MANILA, Philippines - Health Secretary Enrique Ona has ordered a review of the Department of Health’s Doctors to the Barrios Program (DTBP), saying that it has been abused by local government leaders.

Ona said the DTBP should have only been a “stop-gap measure” to address the lack of doctors in some towns.

But after 20 years, most of the local government units (LGUs) that have been getting doctors through the program are still not hiring their own physicians.

“I want the whole program reviewed so that we can initiate needed reforms. I observed that the situation is the same in many of the communities for the last 20 years. This means they are not paying attention to the mechanics on how to keep doctors,” he added.

The DTBP was introduced by former Health secretary and senator Juan Flavier in early ’90s. The DOH hires up to 300 doctors every year and deploys them to towns without physicians mostly in poor and remote areas.

Each doctor is committed to serve in the community for two years. The doctor receives a gross pay of P54,000 from the DOH but they also get additional honorarium, depending on the LGUs where they serve.

Doctors are usually requested in the Cordillera, Samar, Zamboanga Sibugay, interland islands in Northern Mindanao, Northern Cotabato, Saranggani, South Cotabato, General Santos City and Cotabato City.

There are also requests for doctors in Basilan and Tawi-tawi but there are no takers because of the peace and order situation in these areas.

Ona said the DOH has observed that the LGUs requesting for DTBP doctors are almost the same in the past two decades, indicating that they have become dependent on the program.

“I think our DTBP doctors should be getting less as the years pass by but this is not the case. For me, the mayors or the governments should also come up with a program that will attract their doctors to stay. That is their responsibility, not the national government,” he added.

Ona clarified that he does not intend to abolish the program.

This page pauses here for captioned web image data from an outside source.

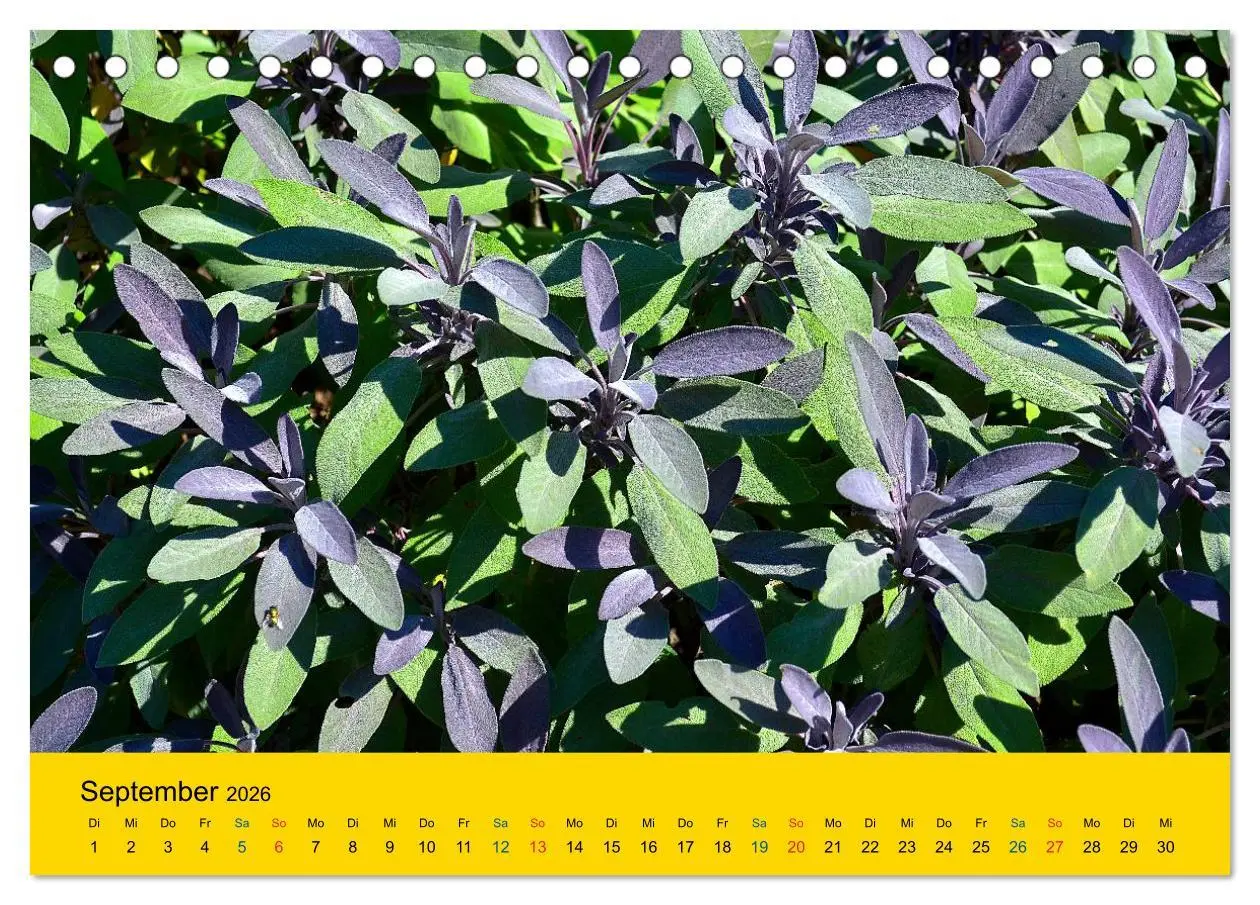 Bild: 9783516170931 | Heil- und Küchenkräuter (Tischkalender 2026 DIN A5 quer), CALVENDO...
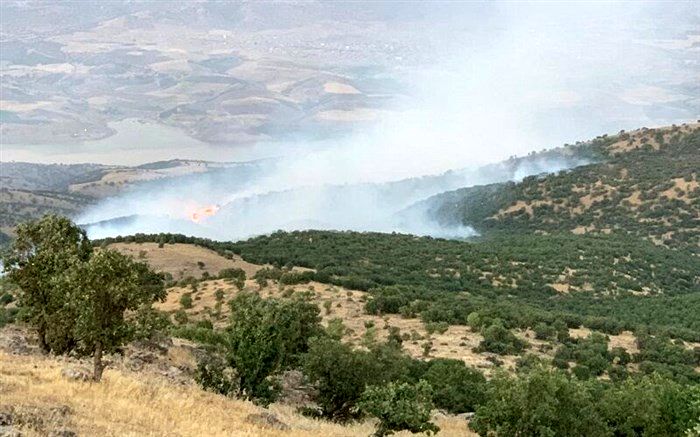 آتش‌سوزی جنگل‌های سردشت مهار شد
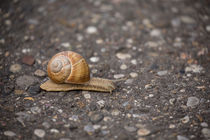 In a hurry - vineyard snail crossing the street by Jörg Sobottka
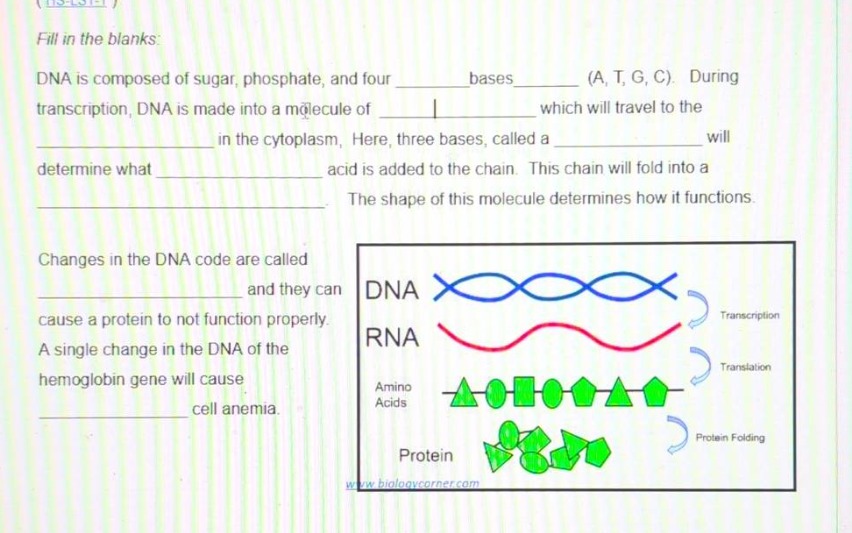 fill in the blanks: dna is composed of sugar, phosphate, and four _____…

He only wants to study the incentive packages offered to DTBP doctors so that those serving in fifth or sixth class municipalities, for instance, get better compensation.

“We have around 3,000 new doctors every year so there is really no shortage of doctors. So what we have to do is to make it attractive for them to stay in the community,” he said.

“Many doctors have the desire to work in small communities but when they get married and have their own family, they begin to think how they can feed them well and send their children to school,” he added.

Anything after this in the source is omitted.